Determination of SERP Benefit. If the Participant is
eligible to receive a benefit under Section 3.1, the Company shall
pay to the Participant a benefit (SERP Benefit) equal to: (i) the
Participant’s Target Pension, as defined in Section 4.2, less
(ii) the Participant’s Benefit Offset, as defined in Section
4.4. The Benefit Offset shall be first applied to reduce the Target
Pension attributable to the Base Average Monthly Compensation, and
the remainder, if any, to reduce the Target Pension attributable to
the Supplemental Average Monthly Compensation.
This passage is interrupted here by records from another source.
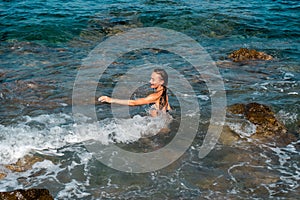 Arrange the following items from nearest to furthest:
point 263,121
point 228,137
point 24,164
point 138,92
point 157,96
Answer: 1. point 24,164
2. point 228,137
3. point 263,121
4. point 157,96
5. point 138,92

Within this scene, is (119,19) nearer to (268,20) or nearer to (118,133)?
(268,20)

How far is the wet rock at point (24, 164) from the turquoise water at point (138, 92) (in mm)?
131

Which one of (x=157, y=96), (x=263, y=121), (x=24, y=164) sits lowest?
(x=24, y=164)

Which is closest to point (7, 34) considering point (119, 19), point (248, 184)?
point (119, 19)

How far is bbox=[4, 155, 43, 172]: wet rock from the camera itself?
6.95m

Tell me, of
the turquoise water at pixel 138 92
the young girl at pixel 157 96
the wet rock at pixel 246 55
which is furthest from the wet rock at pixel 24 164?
the wet rock at pixel 246 55

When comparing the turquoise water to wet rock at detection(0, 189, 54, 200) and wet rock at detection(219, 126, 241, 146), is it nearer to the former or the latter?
wet rock at detection(219, 126, 241, 146)

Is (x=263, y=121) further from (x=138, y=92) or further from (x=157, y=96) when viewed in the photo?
(x=138, y=92)

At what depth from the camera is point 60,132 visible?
8430 millimetres

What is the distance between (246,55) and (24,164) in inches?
342

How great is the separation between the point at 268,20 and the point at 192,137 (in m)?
11.3

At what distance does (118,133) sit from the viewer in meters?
8.52

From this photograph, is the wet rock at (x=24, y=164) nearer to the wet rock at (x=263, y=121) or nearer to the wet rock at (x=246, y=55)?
the wet rock at (x=263, y=121)

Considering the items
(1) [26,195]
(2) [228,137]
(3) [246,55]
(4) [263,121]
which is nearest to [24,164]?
(1) [26,195]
The determination of
the Target Pension shall be made 90 days prior to the payment of
the SERP Benefit, and the determination of the Benefit Offset shall
be made on the date of the Participant’s Separation from
Service, death or Disability.
4.2
Target
Pension. The Participant’s Target Pension means the
Actuarial Equivalent of an monthly annuity for the life expectancy
of the Participant commencing on the date of Separation from
Service determined by multiplying (i) the sum of the
Participant’s Base Average Monthly Compensation and the
Supplemental Average Monthly Compensation by (ii) the applicable
percentage determined from the following table, based on the
Participant attained age on the date of the Participant’s
Separation from Service, death or Disability.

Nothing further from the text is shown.